What else can you draw from watching the videos of Anna Soubry and Owen Jones being abused relentlessly over Brexit? It was deeply harrowing, and in the case of Owen Jones, at one point surely frightening with the writer seemingly moments away from perhaps being physically assaulted. He handled it with humorous grace and superb dignity, as did Anna Soubry. But this isn’t the first time they have been victims of brutal verbal abuse and this isn’t the first time that Brexit has been the cause of shocking abusive scenes.
If we didn’t know it then, we know it now: language isn’t a neutral battleground in politics but a weapon itself if wielded deliberately by forces for cynical purposes. Brexit has surely been the encapsulation of that in every way in how it has depicted individuals and groups, both before and after the referendum.
EU migrants have long been the victims of repulsive language used in British politics. Nigel Farage stoked prejudice towards Romanians by questioning whether people would want them as their neighbours, playing on the stereotypes that they are low-level criminals. Quite often, the language around European workers reduced them to commodities rather than human beings with aspirations of being long-term stakeholders in their local communities possibly. Conservatives were mostly guilty of this in their negative depiction of migrant workers as undermining the low-end pay of the labour market, but even liberals were by dressing up their exploitation as a celebration of economic freedom. Migrant voices were notably absent during the EU referendum. And in the wake of Brexit, hate crime against migrants shot upwards. The language around Brexit centred on immigration, with messages of “take back control” pitting the native English reclaiming power from Brussels and the foreigners. There was a visible aura of euphoria to the far-right when they began attacking minorities, emboldened by a political result that brought them in from the margins of the debates.
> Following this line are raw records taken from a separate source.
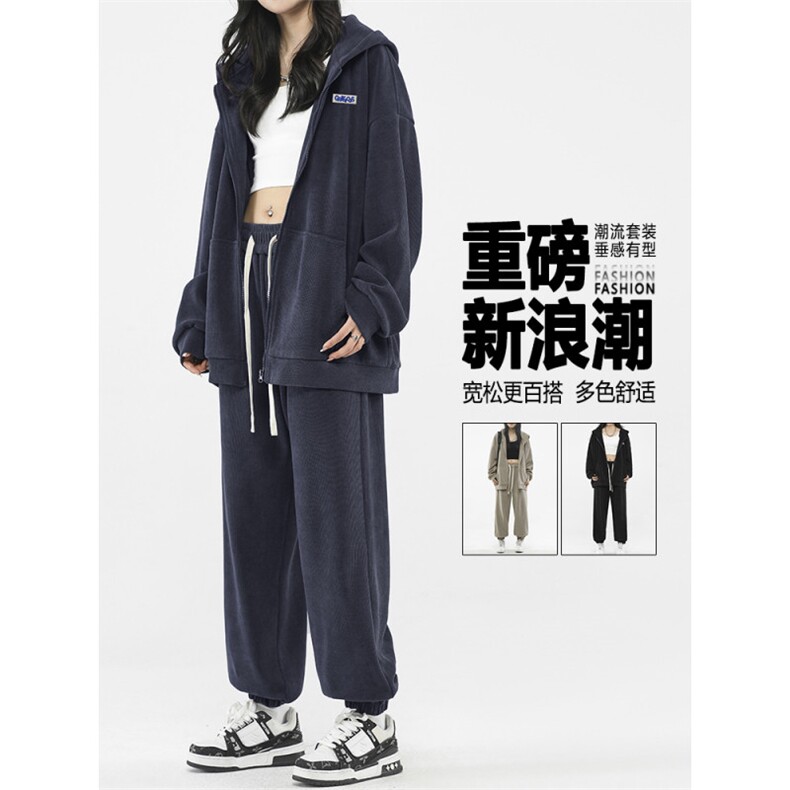 连帽开衫卫衣运动套装新款潮牌宽松休闲卫裤两件套TZ855-特批-123,男装卫衣,星座718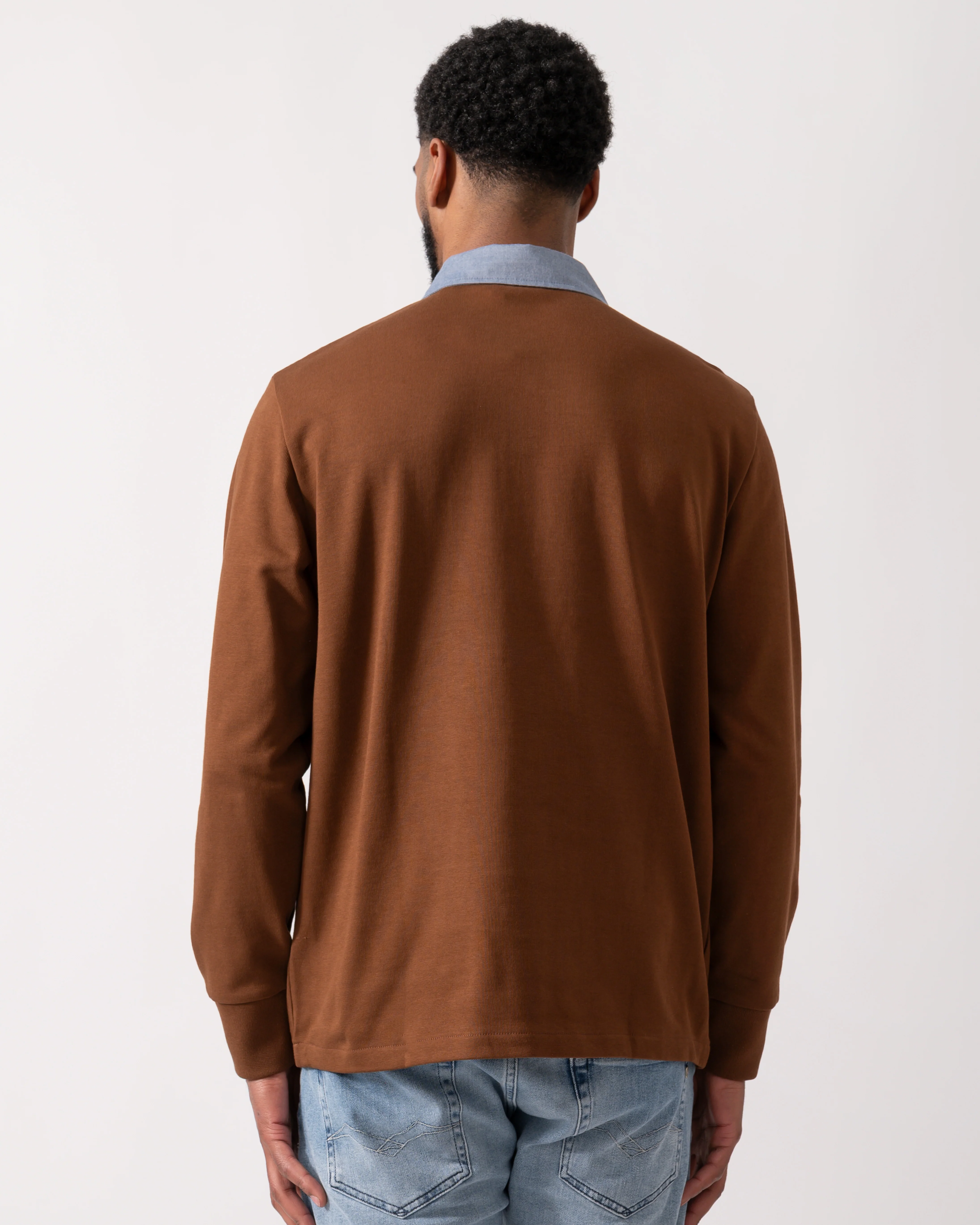 GANT Mens Regular Fit Chambray Heavy Rugger - 229 Mahogany Brown - Image 4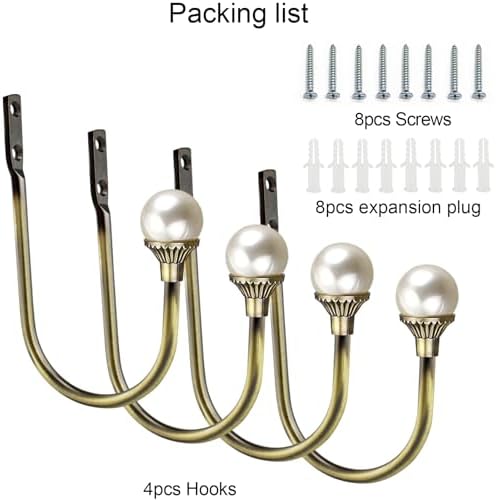 4 Pack Curtain Holdbacks Wall Mounted Curtain Tiebacks Hooks Plastic Pearl U - Image 4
The absence of civility is telling in how Remain have been portrayed. Traitors. Saboteurs. Unpatriotic. The enemy. “Remoaners”. Newspapers like the Daily Mail unashamedly ran with these themes. To the far-right, those calling for a People’s Vote were seen as subverting the people’s will, as denying them what they had craved and been promised. They were threats to democracy, to Britain, to the people. When you have such inflammatory and divisive language that makes no attempt to reconcile different groups of a polarised society, you deepen the fractures and entrench the images where both sides see each other terribly. One can make the argument that Remain is too technocratic and materialistic in its arguments around the European Union, that it is too London-centric. But to start labelling people as “traitors” or “enemy” makes them targets for those prepared for political violence.
Language matters, and so does civility. The latter has been seen as mellow centrist behaviour that doesn’t understand oppression but it is the only way to create the politics of solidarity and common good in a pluralistic democratic society. If we on the left reject civility as something that doesn’t understand how aggression is required to deal with a powerful threat, do not be surprised when the far-right appropriate it more dangerously and effectively.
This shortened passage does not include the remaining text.